Health Insurance Tax Could Be Reinstated in 2018
As originally written, the ACA contained a provision imposing a tax on health insurance providers for income earned as premiums. In 2015, a one-year moratorium was placed on the tax, saving the health insurance industry approximately $13.9 billion, according to consulting firm Oliver Wyman. This moratorium is likely to be lifted in 2018. As a result of this action alone, the firm projected that health insurance premiums will increase 2.6 percent in 2018 and between 2.5 percent and 2.7 percent going forward. For small group plans, this translates to $500 per family.
Penalties Still in Effect
The IRS explained that an employer with more than 50 full-time employees is considered an applicable large employer (ALE), subject to reporting requirements under the ACA. In 2018, failure to offer coverage, as well as failure to comply with reporting requirements, will result in substantial penalties, Insurance Is Boring noted. If an ALE doesn’t offer health plans to at least 95 percent of its full-time workforce, the employer may be subject to a penalty of up to $2,260 per employee. The penalty is even stiffer if the employer fails to offer health plans considered by the ACA to provide “minimum coverage,” and at least one of their employees is receiving a tax credit to buy health insurance. For this infraction, the penalty may be as high as $3,390 per employee.

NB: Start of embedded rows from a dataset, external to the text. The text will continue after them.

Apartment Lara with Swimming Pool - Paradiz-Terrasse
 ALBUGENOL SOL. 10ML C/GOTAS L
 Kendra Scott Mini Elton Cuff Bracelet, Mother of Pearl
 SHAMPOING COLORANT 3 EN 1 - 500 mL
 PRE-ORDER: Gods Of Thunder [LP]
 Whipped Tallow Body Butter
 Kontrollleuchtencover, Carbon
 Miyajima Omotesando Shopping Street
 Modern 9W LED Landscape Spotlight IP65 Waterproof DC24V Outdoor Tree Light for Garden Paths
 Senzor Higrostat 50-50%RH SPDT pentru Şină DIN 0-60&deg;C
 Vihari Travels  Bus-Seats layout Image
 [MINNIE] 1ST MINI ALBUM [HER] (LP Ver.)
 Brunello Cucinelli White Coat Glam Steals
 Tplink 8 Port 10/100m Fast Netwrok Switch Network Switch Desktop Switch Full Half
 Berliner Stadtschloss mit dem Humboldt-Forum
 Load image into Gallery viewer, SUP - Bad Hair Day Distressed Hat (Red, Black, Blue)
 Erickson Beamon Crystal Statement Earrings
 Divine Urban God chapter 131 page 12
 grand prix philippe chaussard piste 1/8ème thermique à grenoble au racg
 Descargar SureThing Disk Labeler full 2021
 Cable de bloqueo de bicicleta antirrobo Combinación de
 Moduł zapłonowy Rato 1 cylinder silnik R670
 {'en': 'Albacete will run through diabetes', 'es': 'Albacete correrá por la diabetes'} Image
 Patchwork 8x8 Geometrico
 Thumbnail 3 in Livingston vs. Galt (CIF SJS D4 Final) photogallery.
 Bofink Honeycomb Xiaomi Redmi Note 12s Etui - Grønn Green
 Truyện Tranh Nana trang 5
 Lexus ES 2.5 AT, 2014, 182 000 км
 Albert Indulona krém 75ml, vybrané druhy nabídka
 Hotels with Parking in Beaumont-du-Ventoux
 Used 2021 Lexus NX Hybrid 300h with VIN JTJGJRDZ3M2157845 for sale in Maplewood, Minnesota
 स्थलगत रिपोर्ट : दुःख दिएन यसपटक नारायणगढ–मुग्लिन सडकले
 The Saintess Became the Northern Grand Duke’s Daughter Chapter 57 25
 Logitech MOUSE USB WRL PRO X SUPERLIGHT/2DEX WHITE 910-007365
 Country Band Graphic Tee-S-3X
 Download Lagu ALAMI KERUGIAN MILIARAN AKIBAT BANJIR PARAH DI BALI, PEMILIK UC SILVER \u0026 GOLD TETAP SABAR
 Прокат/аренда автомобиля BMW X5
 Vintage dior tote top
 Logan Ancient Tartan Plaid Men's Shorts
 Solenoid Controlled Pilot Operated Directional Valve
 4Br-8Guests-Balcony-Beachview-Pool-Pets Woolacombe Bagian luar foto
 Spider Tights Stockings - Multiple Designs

The IRS explained that it must receive Form 1094-C and 1095-C from ALEs by Feb. 28, 2018 — or by April 2, 2018, if the employer files electronically. Full-time employees must receive their Form 1095-C by Jan. 31, 2018. Forms 1094-B and 1095-B must be filed by non-ALE self-insuring employers by Feb. 28, 2018 — or by April 2, 2018, if they file electronically. These employers must also supply Form 1095-Bs to “responsible individuals” no later than Jan. 31, 2018. A responsible individual is defined as the primary insured individual, an employee, a former employee or any other related person named on the application.
As of the beginning of the fourth quarter of 2017, health care reform updates in the form of legislative changes don’t appear to be imminent. Therefore, small business owners are making payroll decisions based on ACA rules as currently written. Penalties will be enforced for failure to comply with reporting requirements.
Keeping up with these changes can help business leaders avoid penalties and provide the necessary coverage to employees.